### Task description
Below are lines of records; copy exactly those from the one containing "Random sampling is" through the one containing "High ascorbic acid", leaving the pictures behind.

+++ The data +++

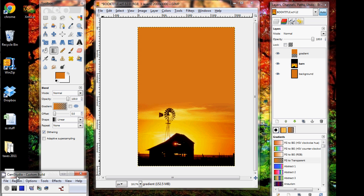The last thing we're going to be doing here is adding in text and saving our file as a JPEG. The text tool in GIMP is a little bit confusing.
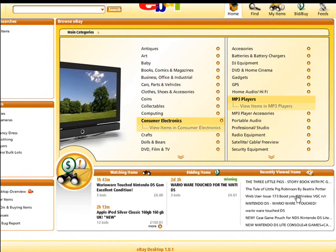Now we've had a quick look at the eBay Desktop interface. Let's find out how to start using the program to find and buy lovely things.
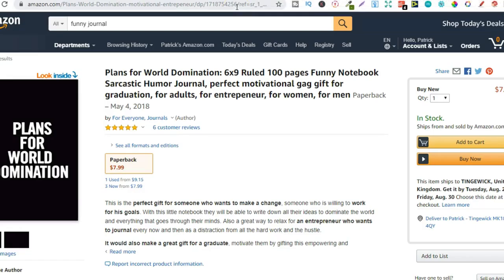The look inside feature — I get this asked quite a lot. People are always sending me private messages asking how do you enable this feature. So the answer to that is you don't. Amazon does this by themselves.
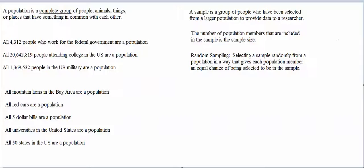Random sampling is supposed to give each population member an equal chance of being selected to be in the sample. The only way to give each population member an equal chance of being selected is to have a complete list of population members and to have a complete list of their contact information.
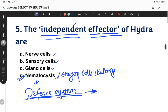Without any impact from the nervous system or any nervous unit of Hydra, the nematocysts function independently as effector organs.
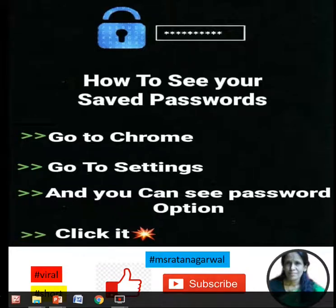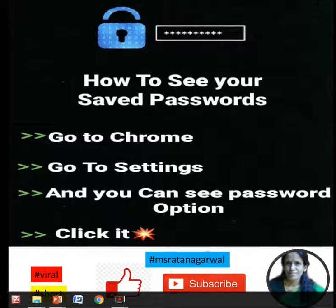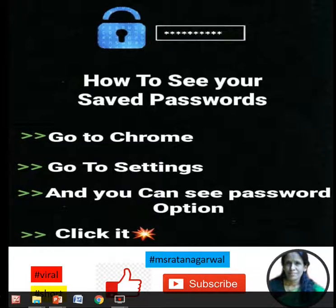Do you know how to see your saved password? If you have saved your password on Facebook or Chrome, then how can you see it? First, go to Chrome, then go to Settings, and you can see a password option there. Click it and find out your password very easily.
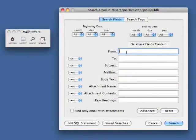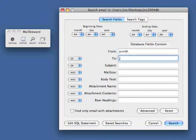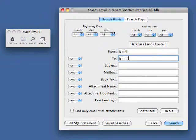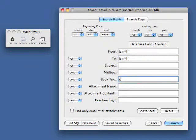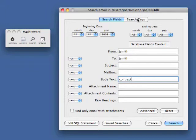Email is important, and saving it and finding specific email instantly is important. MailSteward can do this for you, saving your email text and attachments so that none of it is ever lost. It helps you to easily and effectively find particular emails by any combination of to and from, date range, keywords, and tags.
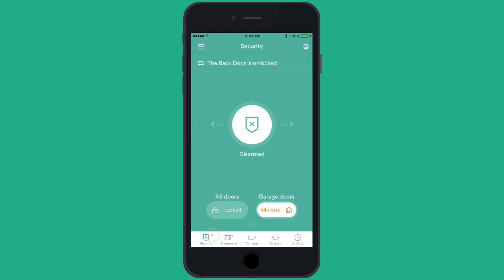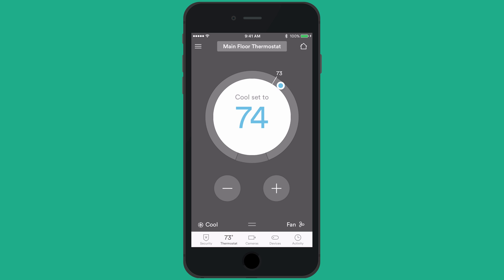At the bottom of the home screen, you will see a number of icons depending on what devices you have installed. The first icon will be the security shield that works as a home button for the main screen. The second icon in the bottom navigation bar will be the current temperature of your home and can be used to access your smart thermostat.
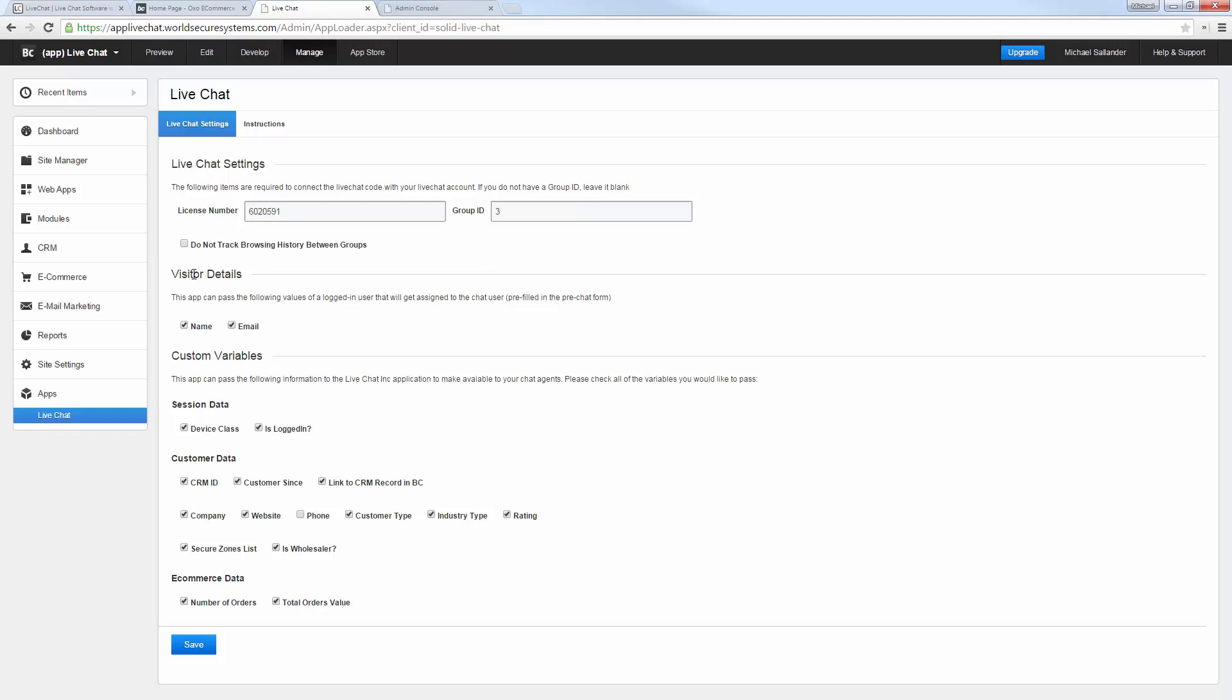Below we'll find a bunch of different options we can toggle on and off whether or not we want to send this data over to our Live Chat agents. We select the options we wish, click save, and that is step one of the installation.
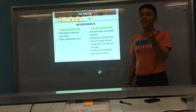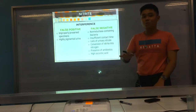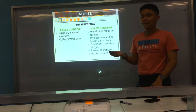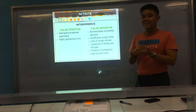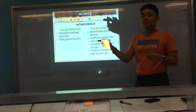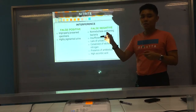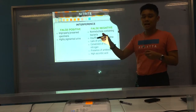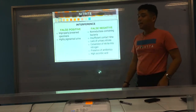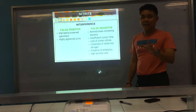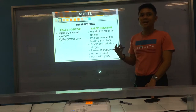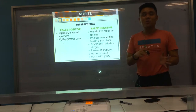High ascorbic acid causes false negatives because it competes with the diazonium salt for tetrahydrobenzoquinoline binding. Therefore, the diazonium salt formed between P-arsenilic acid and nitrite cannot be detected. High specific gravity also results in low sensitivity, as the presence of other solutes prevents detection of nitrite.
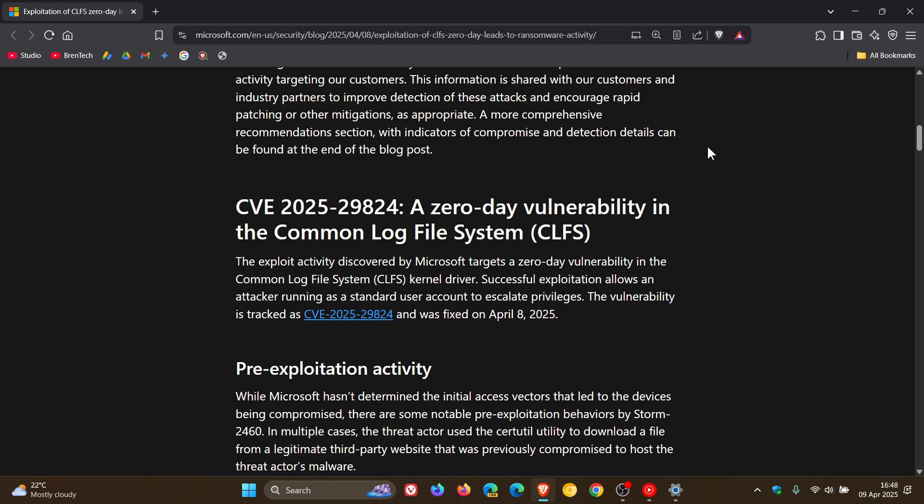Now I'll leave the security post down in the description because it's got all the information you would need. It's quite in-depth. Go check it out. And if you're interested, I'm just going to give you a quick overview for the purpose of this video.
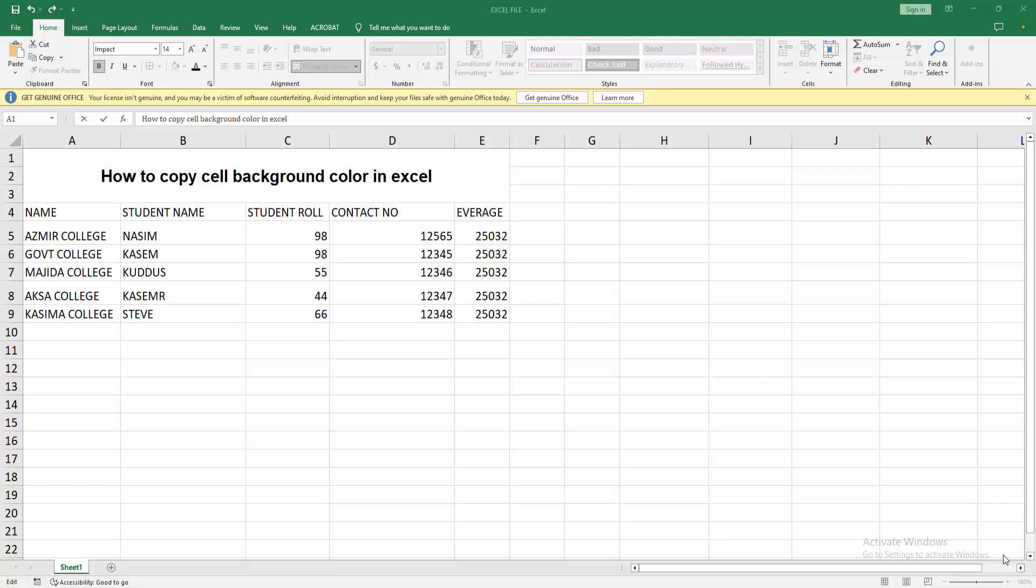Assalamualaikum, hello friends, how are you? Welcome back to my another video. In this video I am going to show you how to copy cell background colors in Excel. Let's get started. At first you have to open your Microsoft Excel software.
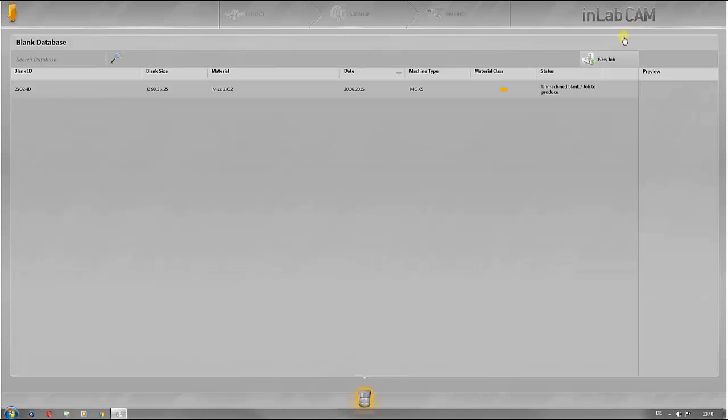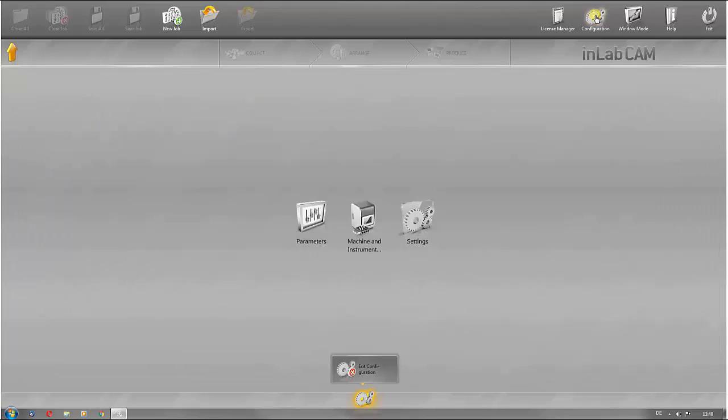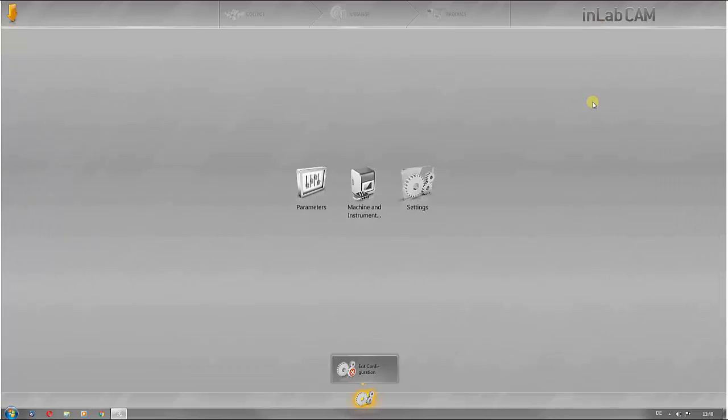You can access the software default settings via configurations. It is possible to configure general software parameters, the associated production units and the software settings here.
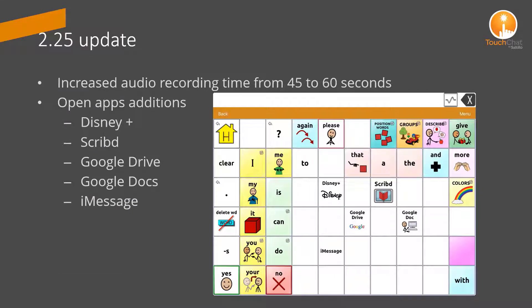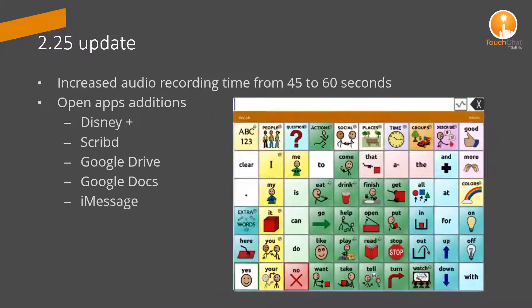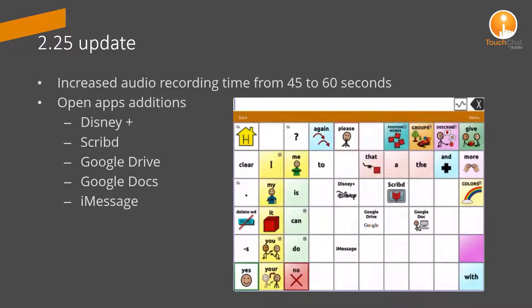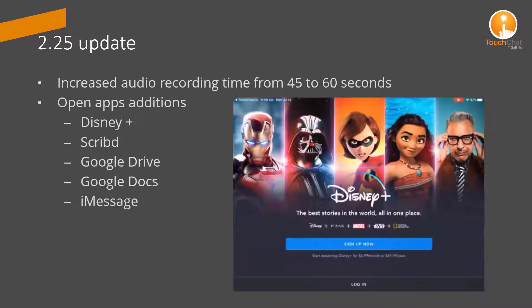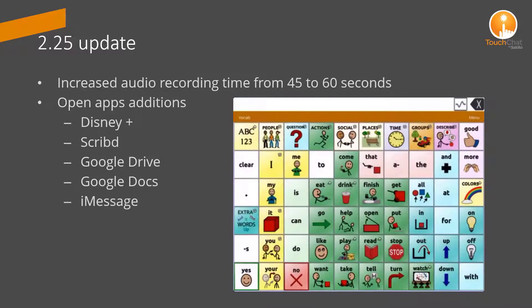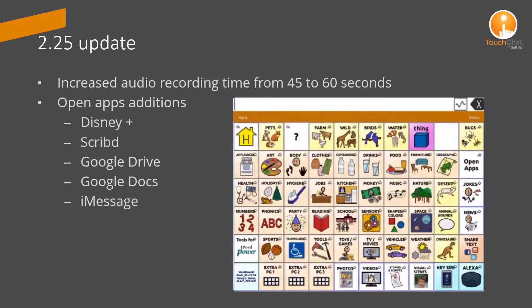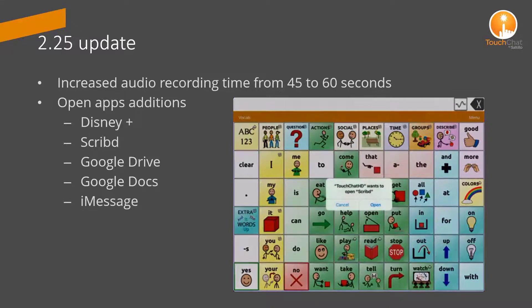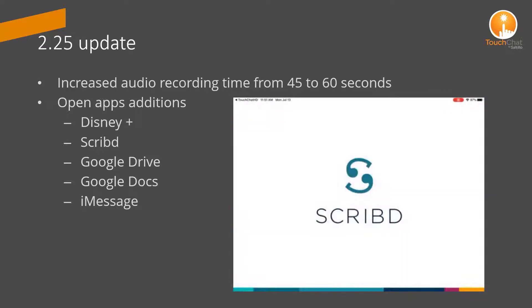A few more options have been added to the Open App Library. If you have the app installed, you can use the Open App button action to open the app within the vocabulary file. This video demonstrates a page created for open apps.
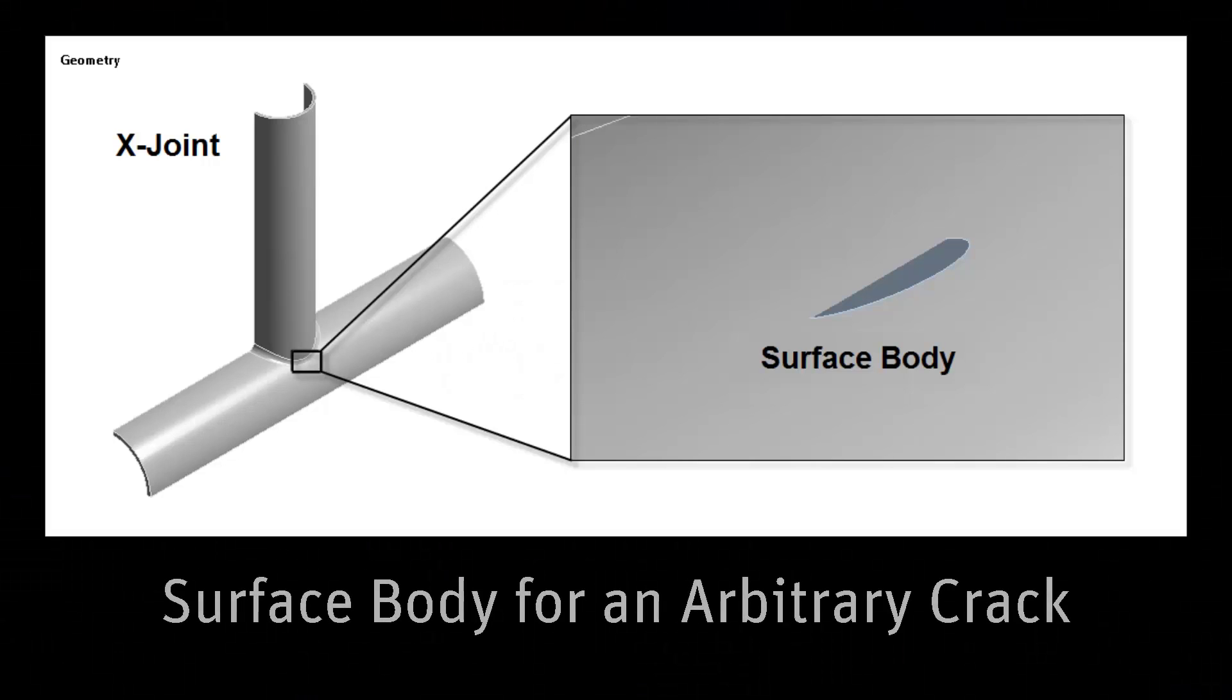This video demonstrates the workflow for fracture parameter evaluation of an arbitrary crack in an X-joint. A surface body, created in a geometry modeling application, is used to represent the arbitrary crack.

+++

### Output of the exercise
Random sampling is supposed to give each population member an equal chance of being selected to be in the sample. The only way to give each population member an equal chance of being selected is to have a complete list of population members and to have a complete list of their contact information.
Without any impact from the nervous system or any nervous unit of Hydra, the nematocysts function independently as effector organs.
Do you know how to see your saved password? If you have saved your password on Facebook or Chrome, then how can you see it? First, go to Chrome, then go to Settings, and you can see a password option there. Click it and find out your password very easily.
Email is important, and saving it and finding specific email instantly is important. MailSteward can do this for you, saving your email text and attachments so that none of it is ever lost. It helps you to easily and effectively find particular emails by any combination of to and from, date range, keywords, and tags.
At the bottom of the home screen, you will see a number of icons depending on what devices you have installed. The first icon will be the security shield that works as a home button for the main screen. The second icon in the bottom navigation bar will be the current temperature of your home and can be used to access your smart thermostat.
Below we'll find a bunch of different options we can toggle on and off whether or not we want to send this data over to our Live Chat agents. We select the options we wish, click save, and that is step one of the installation.
High ascorbic acid causes false negatives because it competes with the diazonium salt for tetrahydrobenzoquinoline binding. Therefore, the diazonium salt formed between P-arsenilic acid and nitrite cannot be detected. High specific gravity also results in low sensitivity, as the presence of other solutes prevents detection of nitrite.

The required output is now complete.